Holbein
German family of artists. Hans Holbein, who became one of the leading
painters in south Germany, was the son of Michael Holbein, a tanner, who
may have settled in Augsburg from Basle, and of Anna Mair, through whom
he was related to important artists working in and near Augsburg. These
included his uncles Hans Mair (probably identical with the painter Mair
von Landshut) and Michel Erhart, and his cousins Gregor Erhart, Paulus
Erhart and Hans Daucher, all of whom were sculptors. Apparently included
in Hans Holbein’s workshop was his brother Sigmund Holbein (d
Berne, 1540), whom Hans portrayed in a drawing (1512; London, BM). In
1501 they were together at Frankfurt am Main and in 1516–17 Sigmund took
proceedings against his brother, who had already left Augsburg. No
documented work by Sigmund Holbein survives. Hans Holbein married c.
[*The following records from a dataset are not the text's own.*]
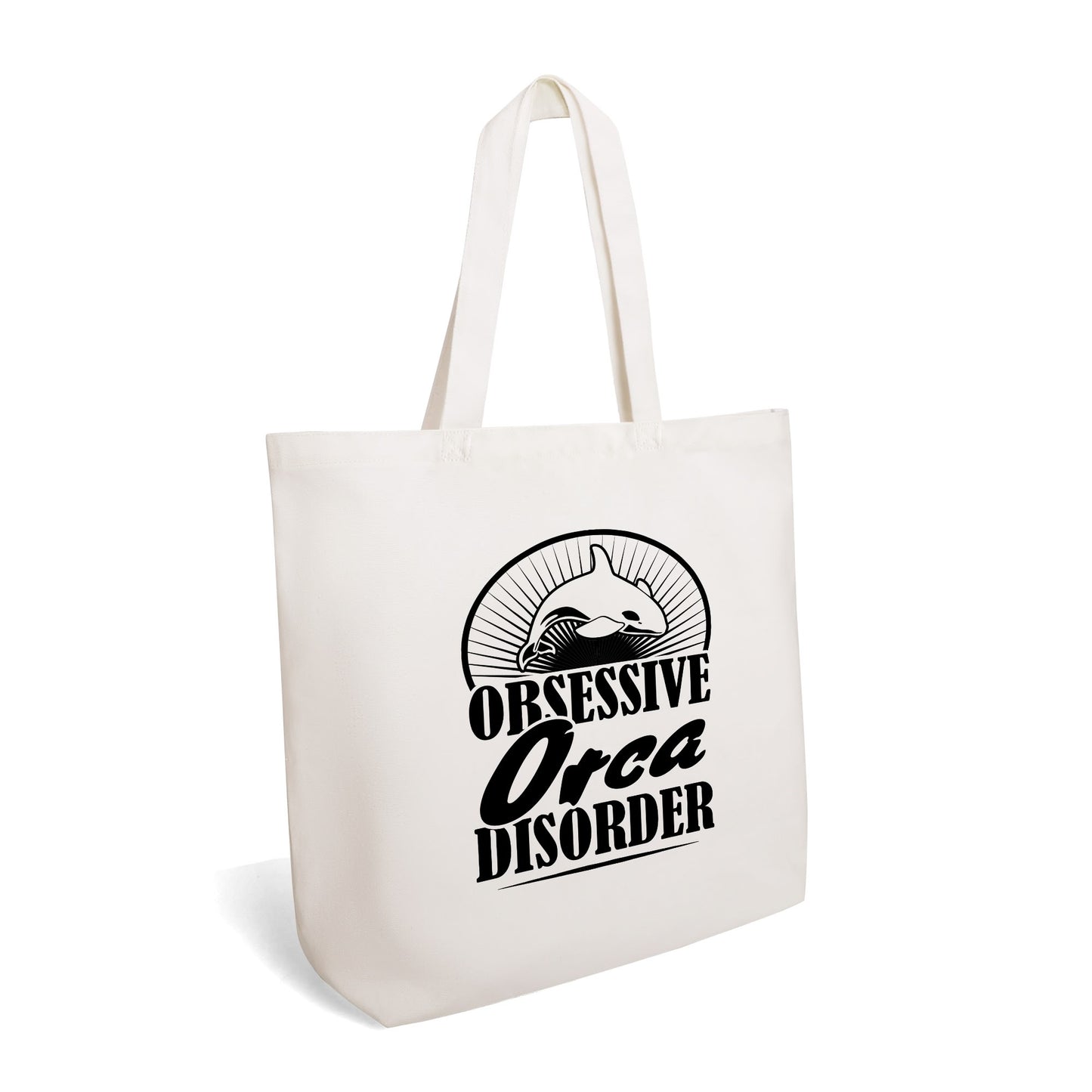 Obsessive Orca Disorder | 100% Cotton Tote Bag - Orca Lover Tote - Eco-Friendly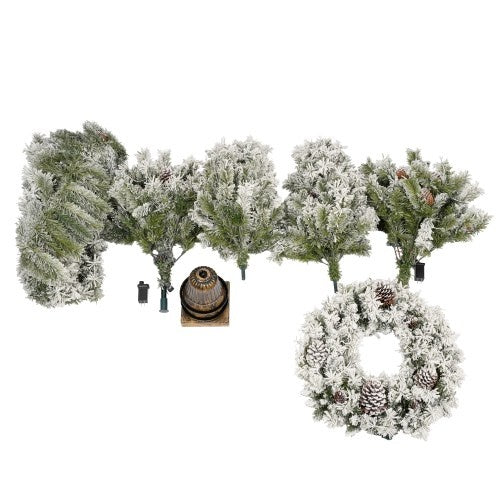 4-Piece LED Holiday Tree & Garland Set – SCG Premium Collection
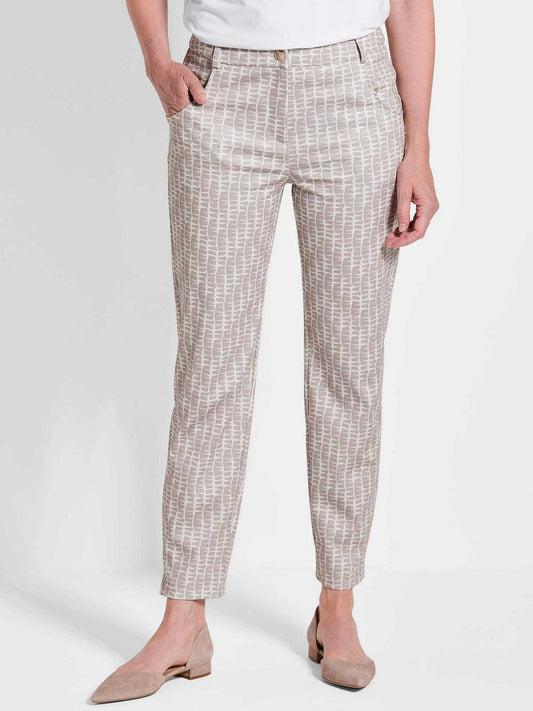 Goldner Druckhose Damen gemustert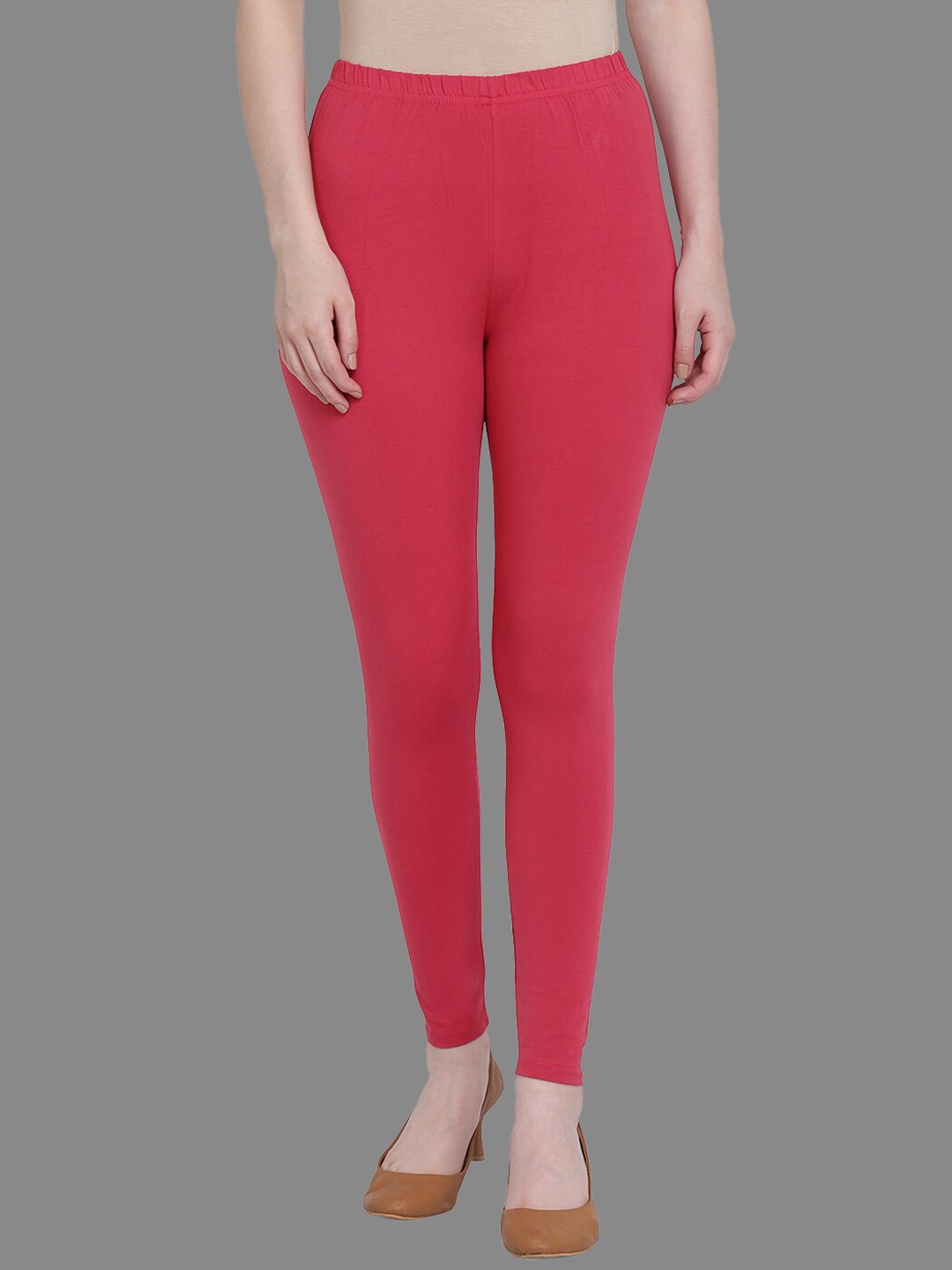 

SPIFFY Women Pink Solid Full Length Leggings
1494, but the identity of his wife is unknown; their two sons, Ambrosius
Holbein and Hans Holbein, also became artists, the latter being among
the most important portrait painters in northern Europe during the
Reformation.
Hans Holbein the Elder
(b Augsburg, ?1460–65; d 1534). Painter and draughtsman.
The date of his birth has been estimated from his earliest signed
painting, the
Death of the Virgin (Budapest, Mus. F.A.), which is
dated 148(?). His earliest surviving dated altarpiece is the St Afra
Altarpiece, produced for the church of SS Ulrich and Afra, Augsburg
(1490; Eichstätt, Bischof. Pal.; Basle, Kstmus.). In 1493 he was
recorded, buying a house in Augsburg, as ‘Hans Holbein the painter,
citizen of Ulm’; he was then working in Ulm with the sculptor Michel
Erhart on the Weingartner Altarpiece, depicting scenes from the Life
of the Virgin, for the chapel of the Virgin in the Benedictine
monastery at Weingarten (1493; panels, Augsburg Cathedral; carvings
untraced); here the style of the paintings reveals the influence of the
Netherlandish style of Rogier van der Weyden. By this date, however,
Holbein had already developed stylistic traits of his own: the ability
to depict individual facial characteristics, the clear and symmetrical
organization of his figures within the available space (here placing
them within various architectural structures, which serve both to
delineate the subsidiary scenes and to unify the separate panels of the
altarpiece) and the use of warm, glowing colour.